FBX Export: Base patch for numpy speedup #104447

Merged
Bastien Montagne merged 1 commits from Mysteryem/blender-addons:fbx_numpy_base_patch_pr into main 2023-02-28 18:03:14 +01:00
Member

This is a base patch that all other separate numpy patches to the FBX exporter rely on.

Add support for writing bytes from numpy arrays like the already supported Python arrays.

Add numpy and helper function imports to fbx_utils.py and export_fbx_bin.py to simplify subsequent patches.

Add astype_view_signedness utility function for viewing unsigned integer data as signed only when the itemsizes match, to avoid copying arrays unnecessarily with numpy.ndarray.astype(new_type, copy=False).

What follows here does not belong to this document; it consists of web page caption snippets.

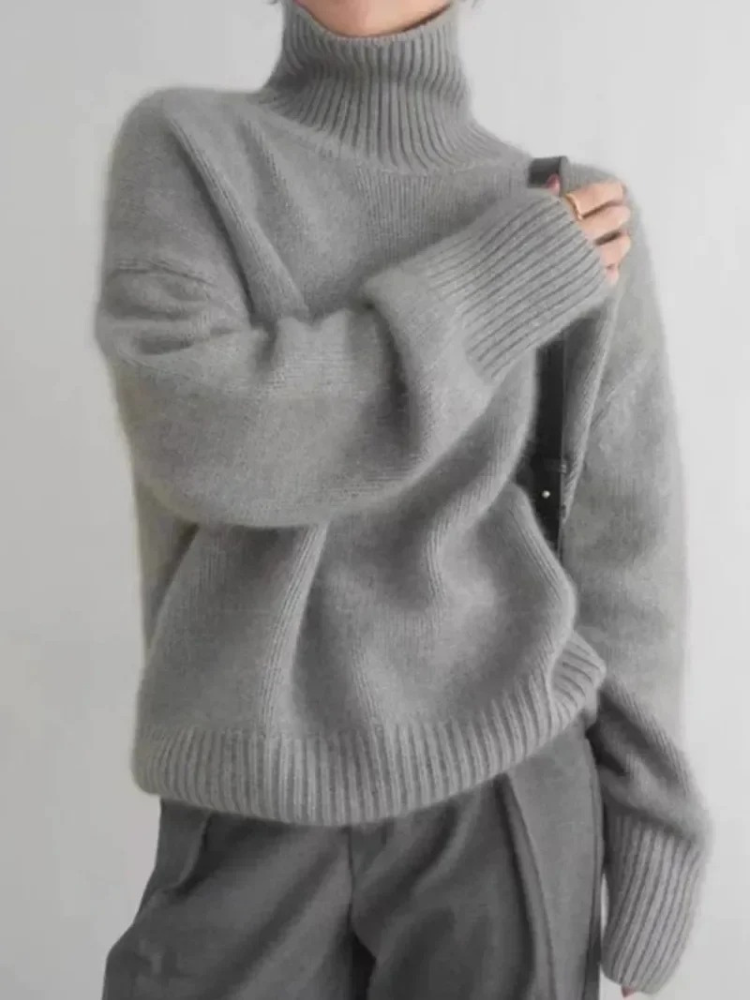 Women's Loose Fit Turtleneck Knit Jumper for Women | Ideal for winter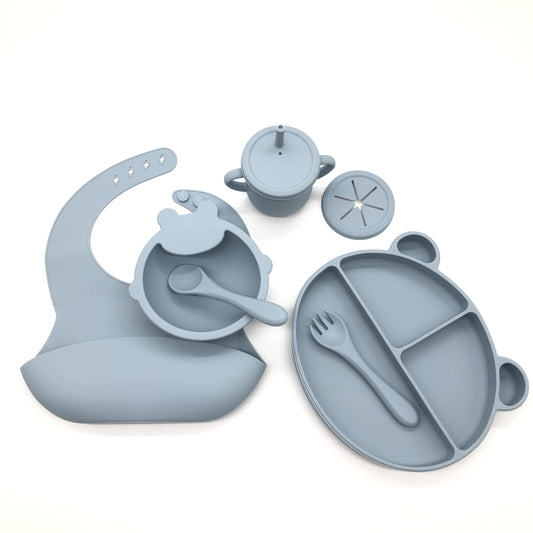 Silicone Baby Feeding Set, Toddler/Baby Feeding Set With Divided Suction Plate Bowl Spoons Forks Sippy Cup Adjustable Bib Non Slip Mat, Baby Eating Utensils, Bear Shape, 7-Piece, (Blue)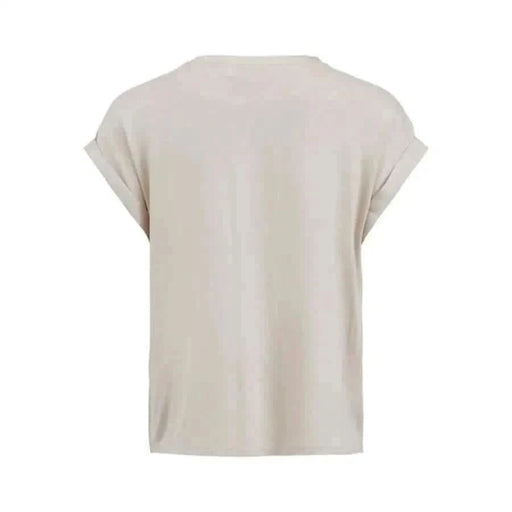 Plain beige short-sleeved t-shirt with rolled cuffs from Vila Clothes Women Blouse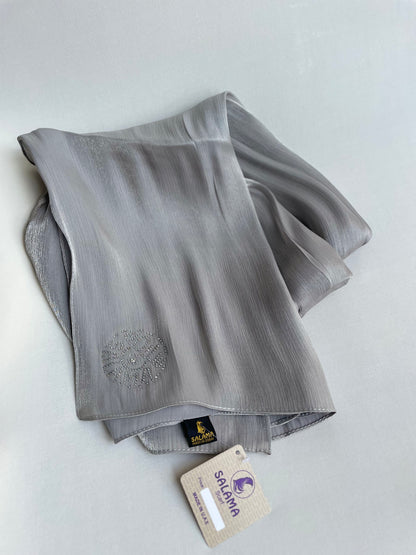 Organza de soie strass Gris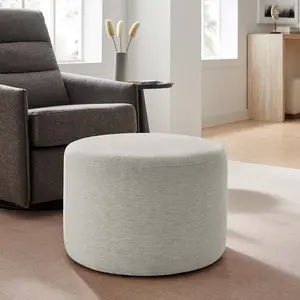 Modway Callum Large 23" Round Woven Heathered Fabric Upholstered Ottoman in Heathered Weave Ivory
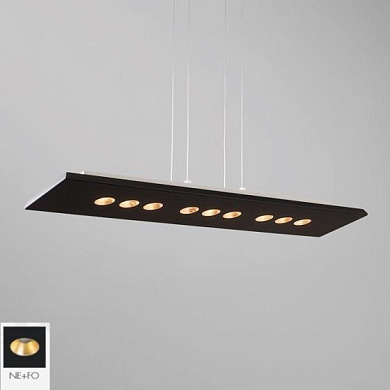 CONFORT-S10RNEFO27K Icone Confort SOSPENSIONE RETTANGOLARE 60,5W 220V 2700K NERO-FOGLIA ORO Линейный подвес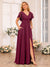 A-Line/Princess V-Neck Long Wedding Party Dresses with Split Side & Pockets
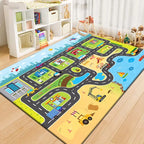 Tapis Voiture Enfant - Ville Miniature et Piste de Course en Polyester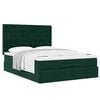vidaXL Cadre de lit ottoman avec matelas vert fonc&eacute; 140x190 cm velours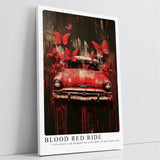 Paul Sinus Leinwandbild 40x60cm Blood Red Ride – Ausdrucksstarke Komposition aus klassischem Auto, roten Schmetterlingen und dynamischer Farbexplosion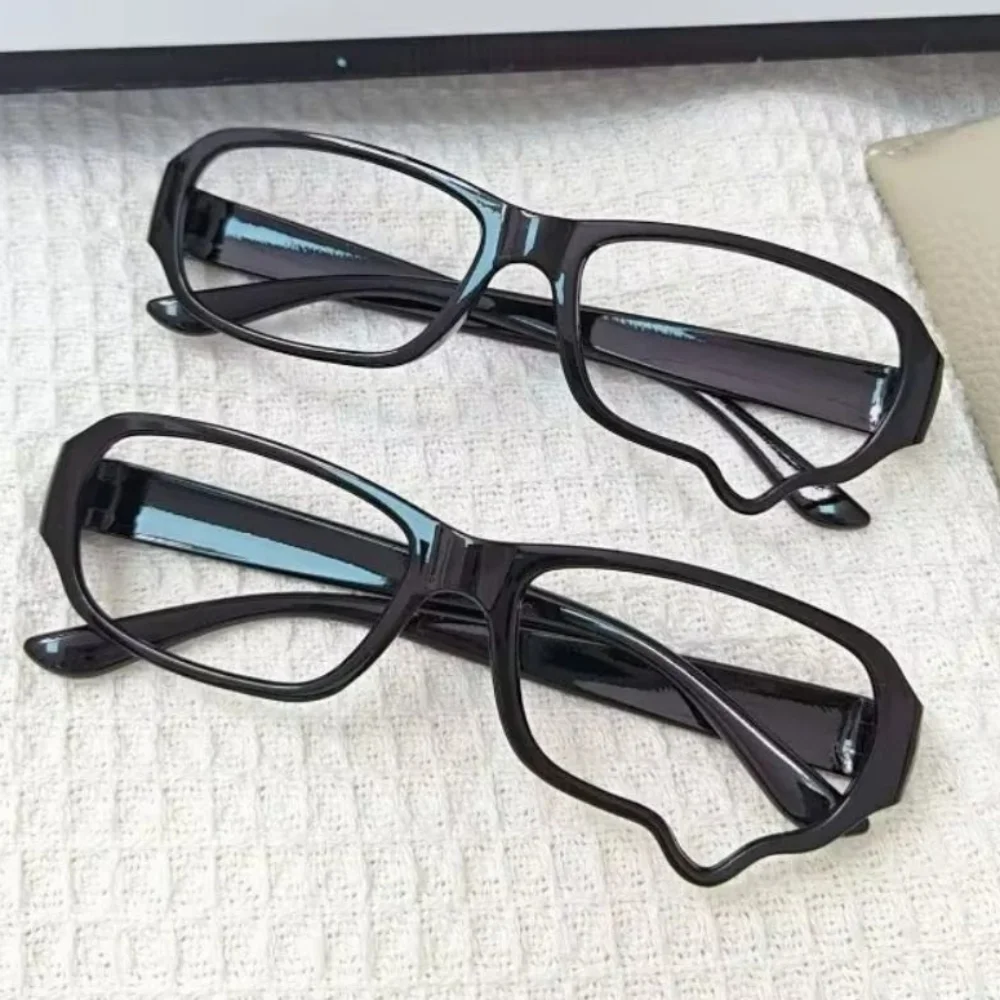 إطار نظارات بدون عدسات أنيمي دموع إطار أسود نمط Kawaii للجنسين إطار نظارات Y2K نظارات ريترو جمالية زي الهالوين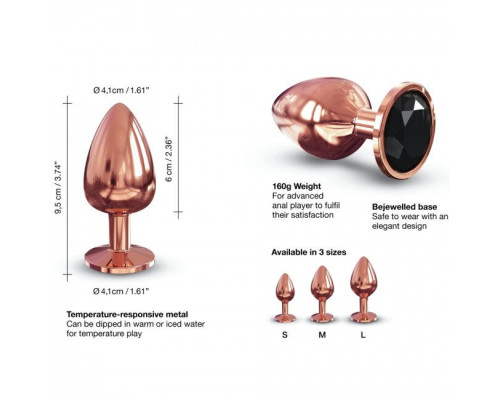 Металева анальна пробка із прикрасою у вигляді кристалу Dorcel - Diamond Plug L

Add numpy versions of the vcos_transformed_gen and nors_transformed_gen mesh transform helpers. 4d output is supported following comments in nors_transformed_gen, though remains unused.
Given tests of 1000 to 200000 vectors:
The most common use case is where the matrix is None (when the bake_space_transform option of the exporter is disabled, which is the default), which is ~44-105 times faster.
When bake_space_transform is enabled geom_mat_co is usually a matrix containing only scaling, which is ~14-65 times faster.
When bake_space_transform is enabled geom_mat_no is usually the identity matrix, which is ~18-170 times faster.

Add helper functions for performing faster uniqueness along the first axis when a sorted result is not needed. The sorting part of numpy.unique is often what takes the most time in the subsequent patches and this helper function can run numpy.unique many times faster when the second axis of an array has more than one element because it treats each row as a single element of a larger dtype meaning it only has to sort once.

This patch on its own makes no change to exported files.


Roughly this time last year I was trying to export as FBX a .blend file that I didn't think was that big/complex, but was finding it taking 30 seconds to export which seemed rather long. Since then I've been working on and off on speeding up the exporter. Initially I started with trying to optimise existing loops but it soon became clear that more significant speedups would be achievable by using numpy.

A lot of the performance cost of the FBX export code comes from iterating through and processing every vertex/edge/etc. individually in Python code. By rewriting the iterated code to use numpy vectorized functions where possible, the iterations can be run in optimised C code instead. To facilitate the use of numpy arrays throughout the exporter, this patch adds support for exporting bytes from numpy arrays.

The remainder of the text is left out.